BRUSSELS—The European Union is finally poised to get a unified patent system after decades of vain attempts. Today, ministers in charge of competitiveness issues
endorsed a legal package to create the unitary patent, which will provide uniform legal protection in 25 European countries. Researchers and companies
worldwide will be able to apply for a cheaper, simpler, single patent from 2014 onwards, E.U. leaders claim. But the file has several hoops to jump through
before it can be fully rolled out.
At present, the European Patent Office in Munich, Germany, handles bundle patent filings in up to 38 countries through a series of national procedures. In
contrast, the new regime will provide a genuine one-stop shop, cutting down on both costs and red tape. According to the European Commission, the price tag
for a patent could drop from about €36000 now to about €6400. After a transition period of up to 12 years, during which machine translation technology will
be perfected, patenting costs could fall further to under €5000.
These estimated costs remain higher than those of the U.S. patent, which are about €1850 ($2390). But E.U. leaders hope the single patent will be more
attractive for inventors than the existing regime, which could help Europe catch up on its global competitors. In 2011, about 224,000 patents were granted
in the United States and 172,000 in China, compared with just 62,000 in Europe.
Unitary patent applications would be submitted in English, French, or German. Applicants in another language would need to provide a translation into one
of these three working languages, but universities, individuals, small businesses, and nonprofit organizations based in the European Union would get these
translation costs refunded. During an initial transition period, applications in English would have to be translated into French or German, and vice versa.
Along with the single patent, E.U. leaders agreed to set up a dedicated Unified Patent Court to handle patent disputes. As part of an elaborate compromise
between the union's political heavyweights, the main seat of the court of first instance will be located in Paris, with secondary seats in London—for
drug patents in particular—and in Munich, which will handle mechanical engineering filings.
The final agreement introduced a complex arrangement for the oversight of patent matters by the Court of Justice of the European Union. Instead of being
enshrined in the main patent regulation, the court's role will be mentioned indirectly in the Unified Patent Court agreement. Axel Horns, a patent attorney
at the KSNH law firm in Munich, says the solution is "awkward." But it satisfies both defenders of the Court of Justice's supreme authority, such as the
European Parliament, and those who want to limit its role, including some businesses and the United Kingdom's conservative government. "It's a compromise
that leaves the door open. The court's judges can close it or leave it open" if they wish to get involved in patent matters, Horns explains.
Horn says the package contains many other inelegant compromises whose interpretation could be tricky. "It's not first-class law-making," he says. Still,
the new system could be a real improvement on the existing, fragmented one; in the decades ahead, it may well emulate the success of the unified E.U.

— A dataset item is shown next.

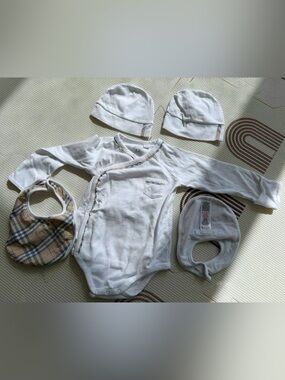 White Long Sleeve Baby Onesie with 2hats 2bibs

trademark system, whose introduction in the 1990s also led to applications soaring and dropping costs, Horn says. "It depends on the personality of the
[future court's] judges," Horn asserts. "If they are reasonable, experienced people, they can make it work and the new system will be much simpler."

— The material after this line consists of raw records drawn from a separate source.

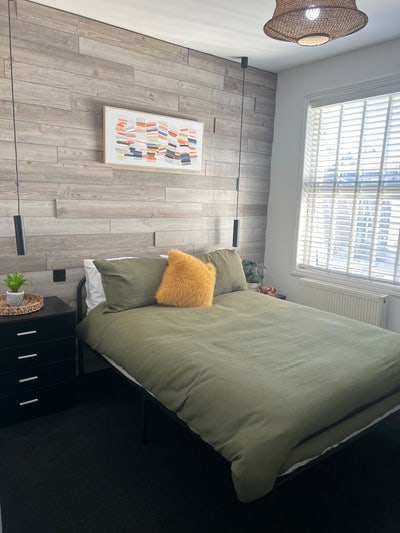 Rent reduced: en-suite room, all bills inc, &pound;675 Main Photo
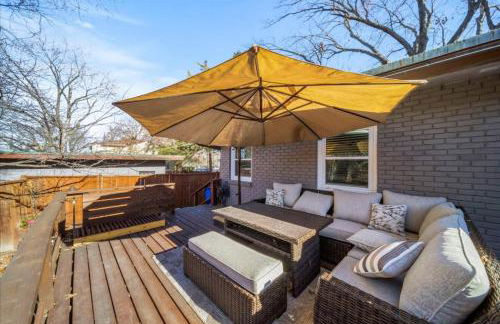 3BR Overland Park Home with Patio and Waterfall Pond - Foto 5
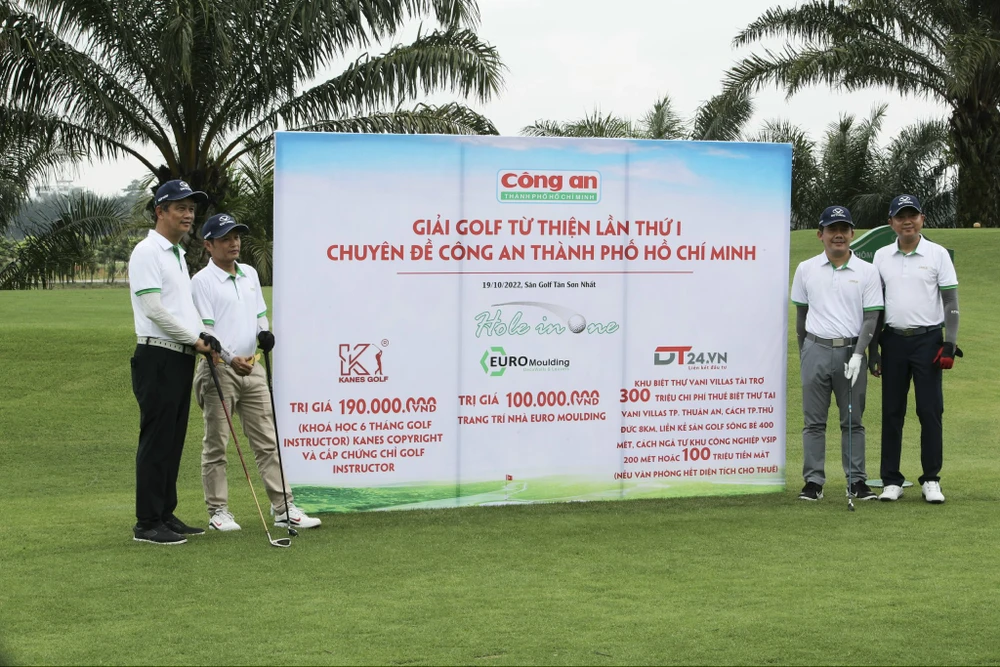 Giải Golf từ thiện Lần thứ I - Quyên góp được 800 triệu và nhiều hiện vật gần 6 tỷ.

Until then, a series of formal steps remains before the plan is put into action. Members of the European Parliament are expected to sign off on the unitary
patent package on Tuesday. In addition, governments must sign a separate agreement in February to set up the Unified Patent Court. At least 13 E.U.
countries would then have to ratify this deal by November 2013 to launch the single patent the following spring.
Last but not least, Spain and Italy have refused to take part in the unitary patent. They argue that the proposed language regime unfairly favors English,
French, and German, and have filed a complaint before the Court of Justice of the European Union, which will issue its opinion on Tuesday as well.
But Michel Barnier, the European Union's internal market commissioner, appears confident that what he terms a "historic" agreement will provide a solid
foundation to boost research and innovation. "It took us 30 years to reach this point," Barnier told ministers in Brussels today. "When I took office in
2010, I said I was going to be the last commissioner to work on this file, and I hope this wish will come true."
*Update 12:35 p.m., 11 December:
Today, the unitary patent made two more important steps ahead. A large majority in the European Parliament voted in favor of
the package this morning; and Yves Bot, advocate general of the Court of Justice of the European Union today said that pleas against the proposed system by Spain
and Italy should be rejected. If the court follows his recommendation, as it usually does, that would derail the countries' attempts to block the plans.
Spain and Italy could still decide to join the unitary patent system later.